Every picture is to be removed, and all the data is to be copied exactly.

Crawled caption data
◆ ◆ ◆ ◆ ◆ ◆ ◆

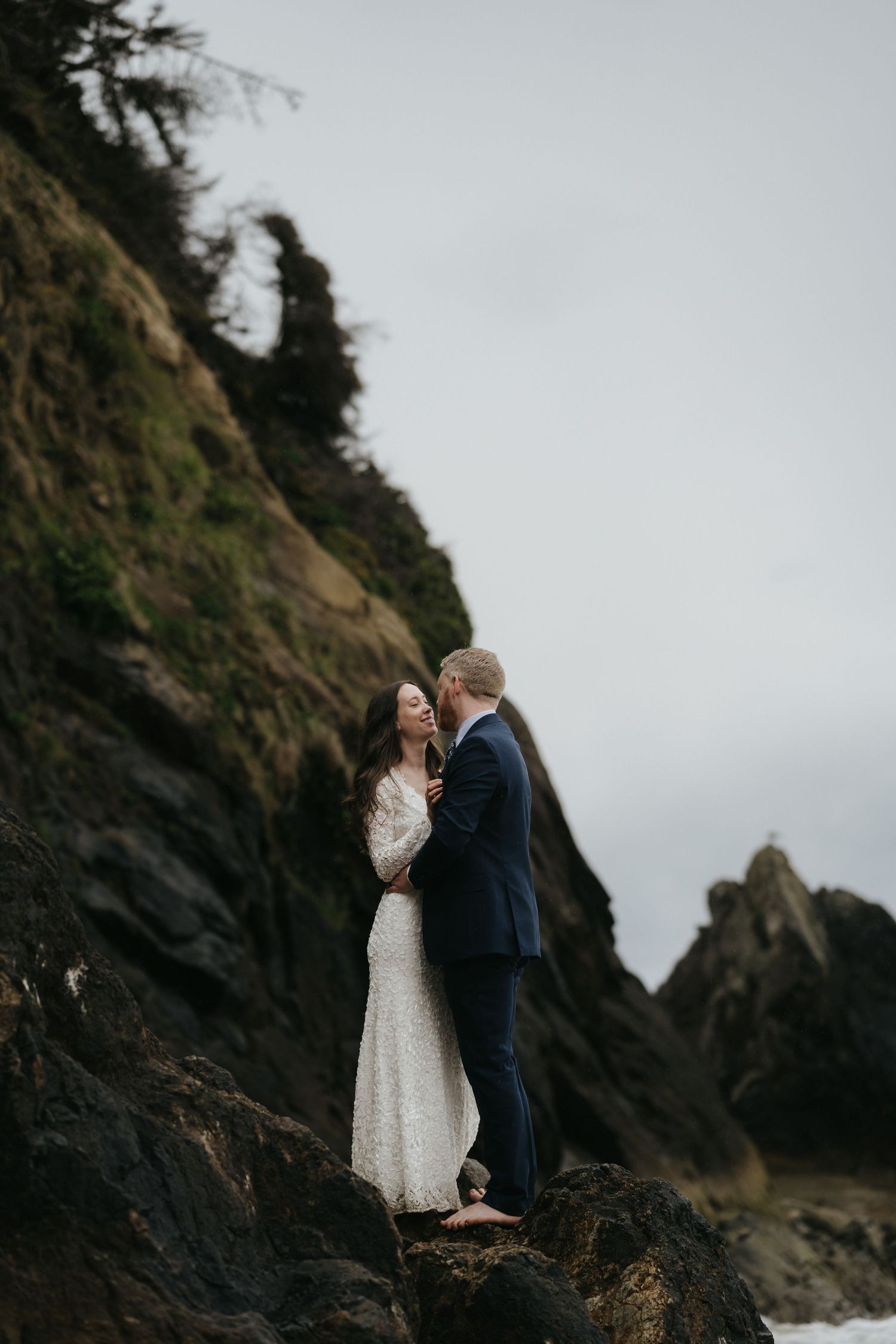 A romantic moment captured between newlyweds standing on rocky coastal cliffs.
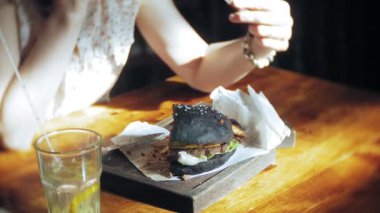 Genç kadın yemek lokanta, siyah hamburger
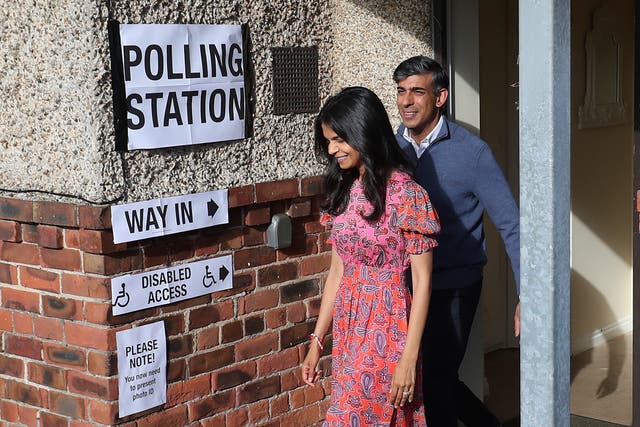 <p>Britain’s Prime Minister Rishi Sunak and his wife Akshata Murty leave a polling station after voting near Richmond</p>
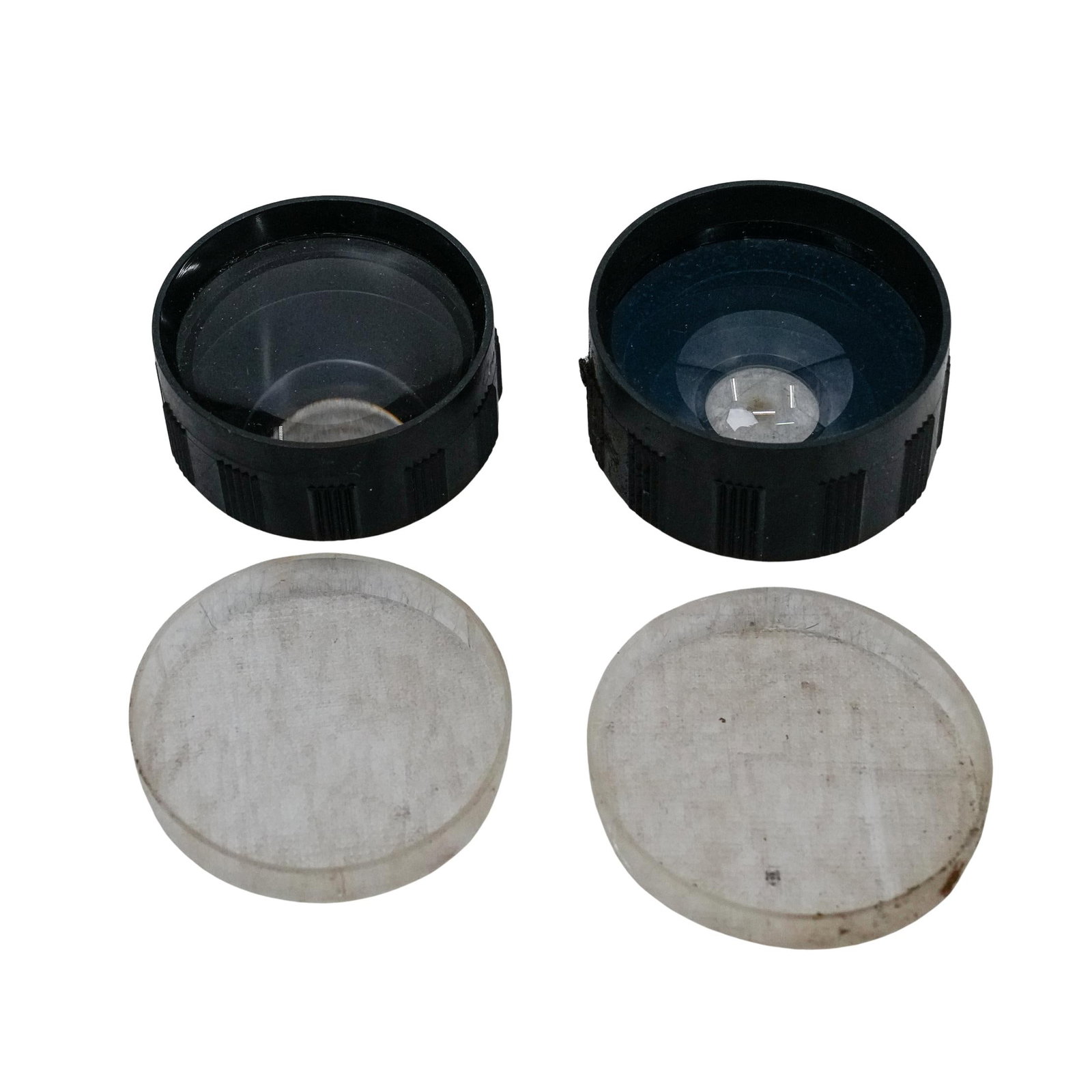 (2 pcs) Gold Crest Optiset Lens: DESCRIPTION: Gold Crest Tele Coated Lenses marked model 20, made for swingers. Come with plastic cap. One is wide lens. Made in Japan. CIRCA: 20th century ORIGIN: Japan DIMENSIONS: 1.25" x 2" CONDITIO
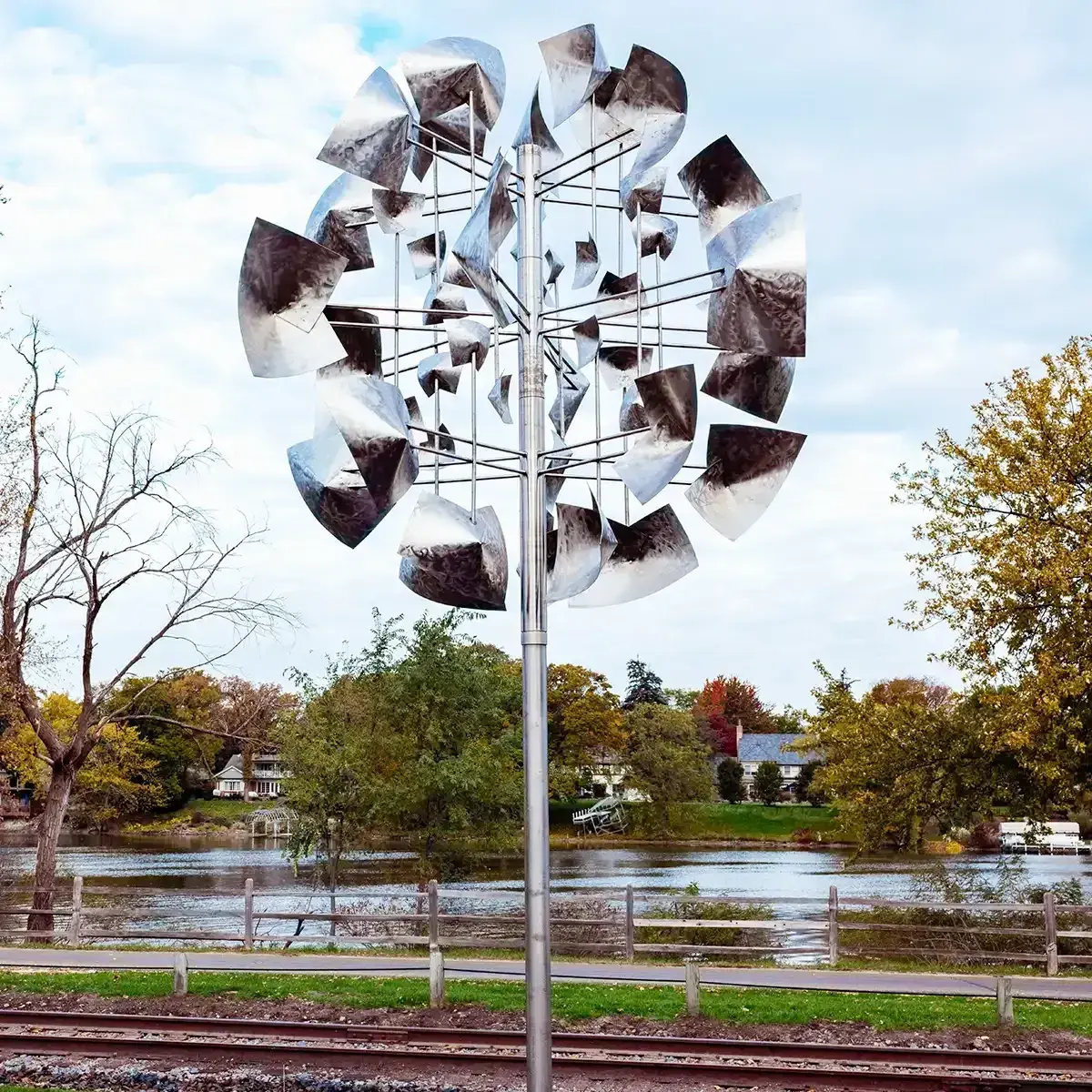 Metal wind sculpture by a riverside path with autumn trees and a cloudy sky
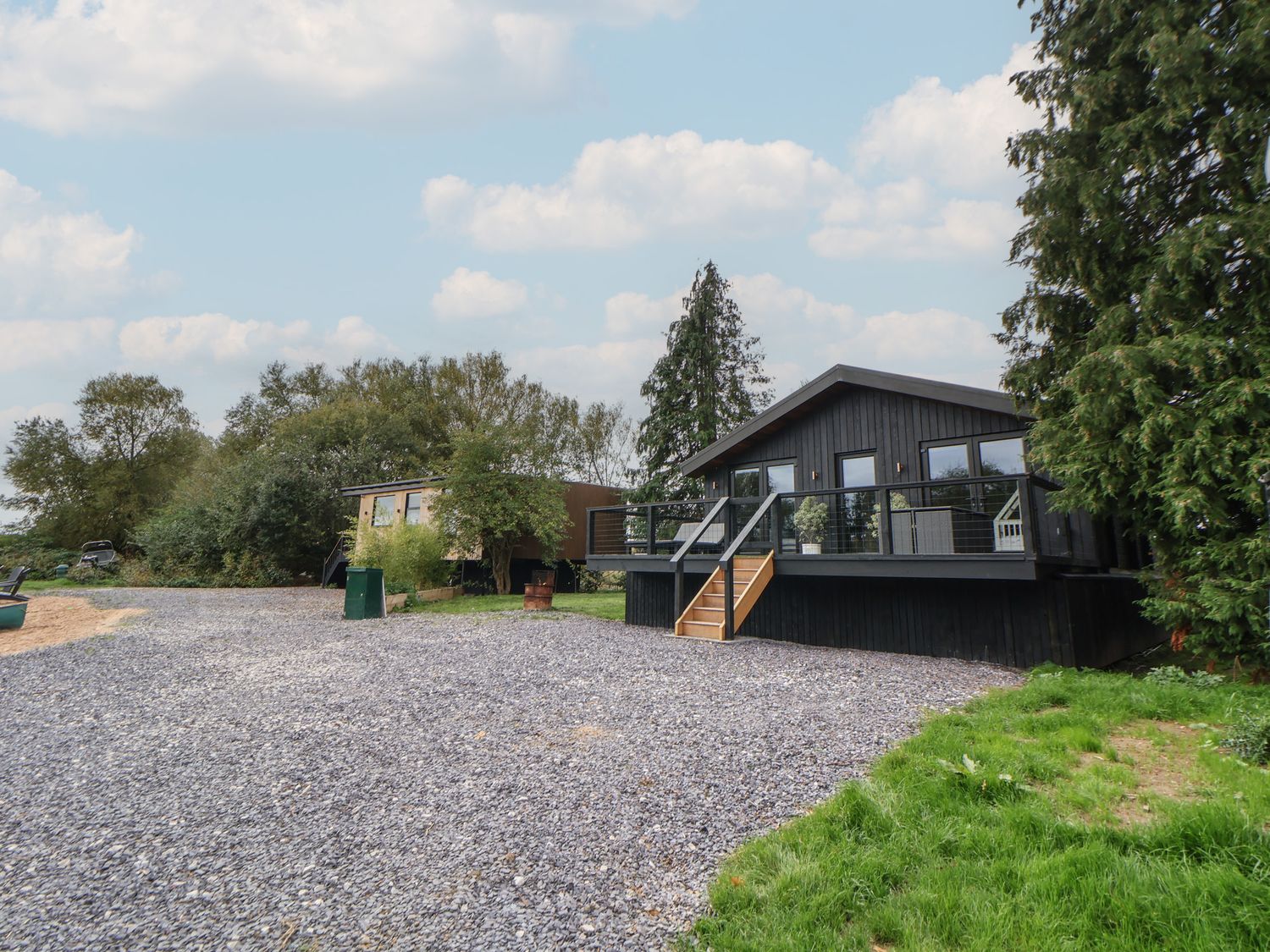 A house with a deck and steps in a garden at The Larch House in Farndon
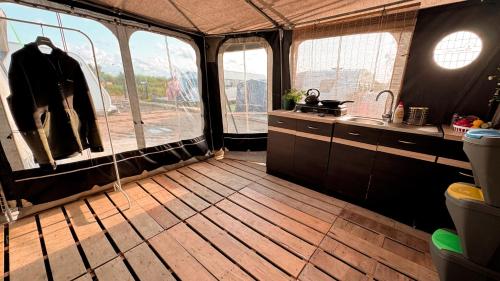 a room with a kitchen with windows and a sink at COOL PEOPLE LIVE HERE! Przyczepa w Jastarni in Jastarnia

◆ ◆ ◆ ◆ ◆ ◆ ◆

*RESPONSE AREA*
 A romantic moment captured between newlyweds standing on rocky coastal cliffs.
 Genç kadın yemek lokanta, siyah hamburger
 <p>Britain’s Prime Minister Rishi Sunak and his wife Akshata Murty leave a polling station after voting near Richmond</p>
 (2 pcs) Gold Crest Optiset Lens: DESCRIPTION: Gold Crest Tele Coated Lenses marked model 20, made for swingers. Come with plastic cap. One is wide lens. Made in Japan. CIRCA: 20th century ORIGIN: Japan DIMENSIONS: 1.25" x 2" CONDITIO
 Metal wind sculpture by a riverside path with autumn trees and a cloudy sky
 A house with a deck and steps in a garden at The Larch House in Farndon
 a room with a kitchen with windows and a sink at COOL PEOPLE LIVE HERE! Przyczepa w Jastarni in Jastarnia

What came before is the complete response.